New Orleans Museum of Art Presents
Frederick J. Brown: New Portraits of Jazz Greats
Armstrong, Sinatra, Holiday among legends portrayed, Feb. 8 to April 26
Opening to the public on February 8 and continuing through April 26, the New Orleans Museum of Art presents Frederick J. Brown: New Portraits of Jazz Greats, an exhibition of paintings depicting 20th century musical giants including the likes of Louis Armstrong, Frank Sinatra and Billie Holiday.
Among other legends included are Thelonius Monk, New Orleans native Sidney Bechet, Ray Charles and Jelly Roll Morton. This latest series was commissioned by Mr. and Mrs. James Flach as a promised gift to the Museum. The exhibition will be on view in the first-floor Ella West Freeman Gallery.
In a departure from his figurative work, Brown also has created a unique abstract composition, The Origins of the Blues, as an introduction to the series.
The New Orleans Museum of Art remains free to Louisiana residents through the generosity of The Helis Foundation. Hours are Wednesdays, noon to 8 p.m., and Thursdays to Sundays, 10 a.m. to 5 p.m.
A Members' Preview of Frederick J. Brown: New Portraits of Jazz Greats is scheduled for Saturday, February 7, from 6-9 p.m.

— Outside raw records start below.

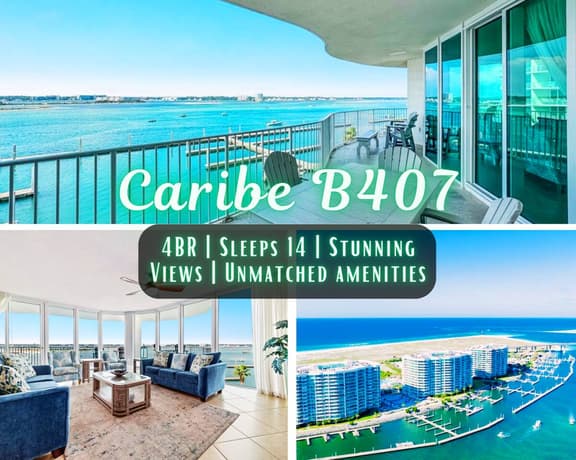 Caribe B407" | 4BR Bayfront Condo With Stunning Views*Unmatched Amenities*Lazy River*Outdoor Pools*Hot Tub*Boat Slip*Beach Trolley*Cabanas*On Site Restaurants*Sleeps 14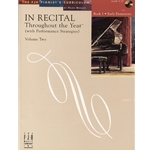 In Recital Throughout the Year, Volume 2, Book 1 - Piano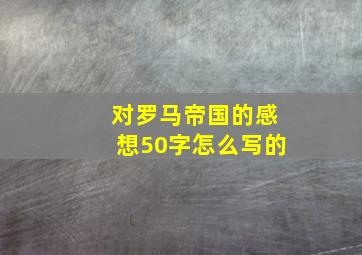 对罗马帝国的感想50字怎么写的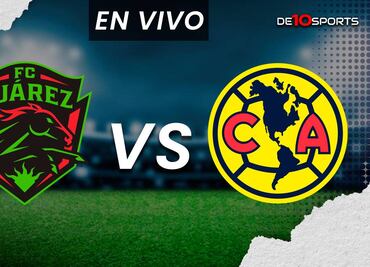 Juárez vs. América EN VIVO. Partido HOY ONLINE | Liga MX Clausura 2024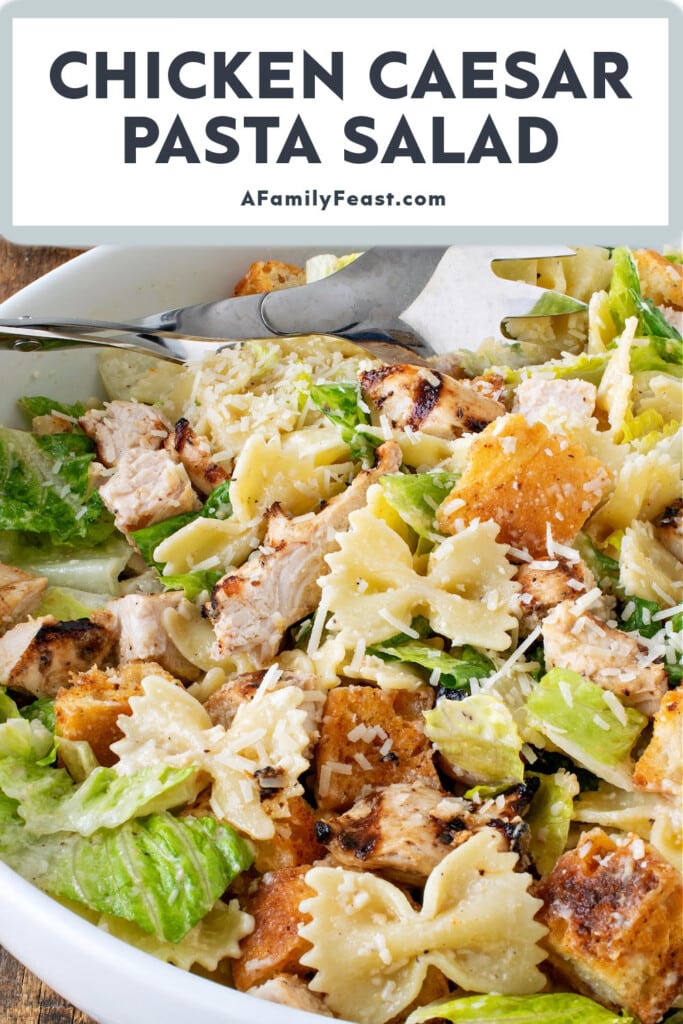 Chicken Caesar Pasta Salad - A Family Feast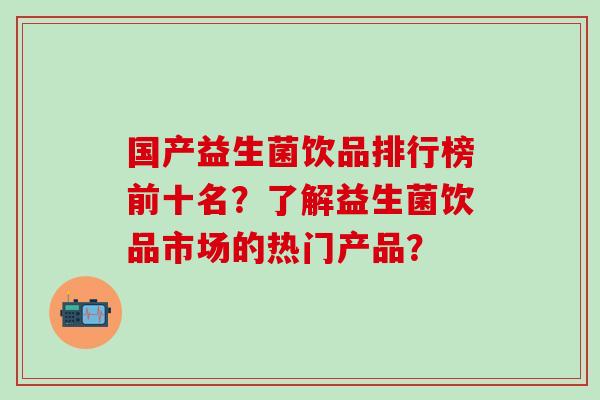 国产益生菌饮品排行榜前十名？了解益生菌饮品市场的热门产品？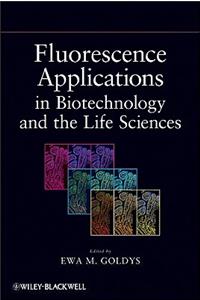 Fluorescence Applications in Biotechnology and Life Sciences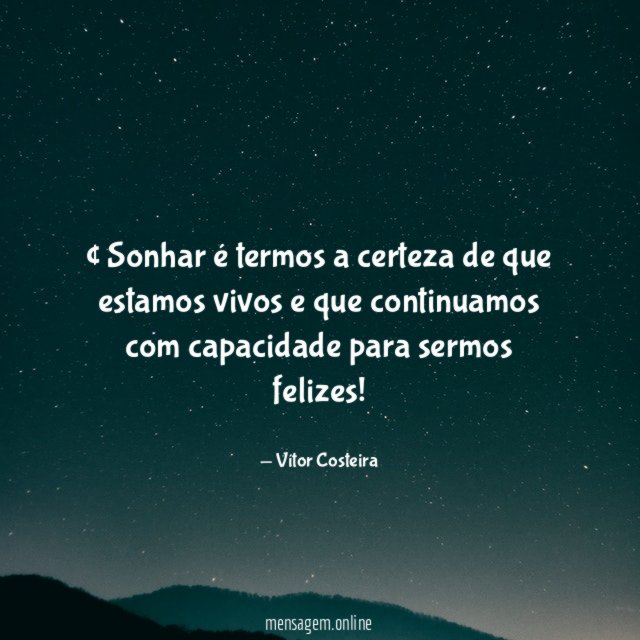 • Sonhar é termos a certeza de que estamos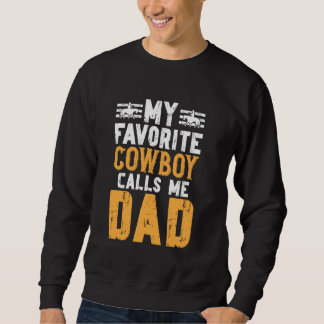 Lieblings Cowboy nennt mich Vater Rodeo Vater eine Sweatshirt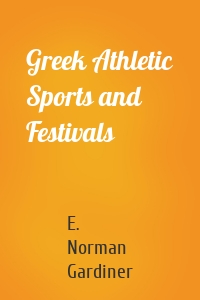 Greek Athletic Sports and Festivals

Also opening February 8, with a preview on February 7, is Style, Form and Function: Glass from the Collection of Jack M. Sawyer, a major exhibition showcasing a lifetime of acquisitions by the New Orleans collector and celebrating the survival of these objects despite a 30-foot storm surge that inundated Sawyer's Waveland, Miss., home on August 29, 2005.
About Frederick J. Brown
For Brown, a Georgia native, music has served as an important source of inspiration for his entire life. Like many African Americans during the first half of the 20thcentury, Brown and his family eventually moved from the South to Chicago in search of work and a new way of life. This migration created an urban concentration of aspiration, assimilation and culture-the sort of conditions in which music, and more specifically the blues, flourished.
Brown's childhood home was a place where artistic and musical expression were ubiquitous and highly encouraged, and famous blues men like Muddy Waters and Howlin' Wolf were often house guests.
In the 1970s, Brown's loft in New York City served as both a painting studio and a performance space, where Brown met and collaborated with musicians, dancers, artists and celebrities, such as Ornette Coleman, Chet Baker and Andy Warhol. This creative and interdisciplinary environment provided Brown the encouragement and confidence to paint not only what he saw, but also what he heard.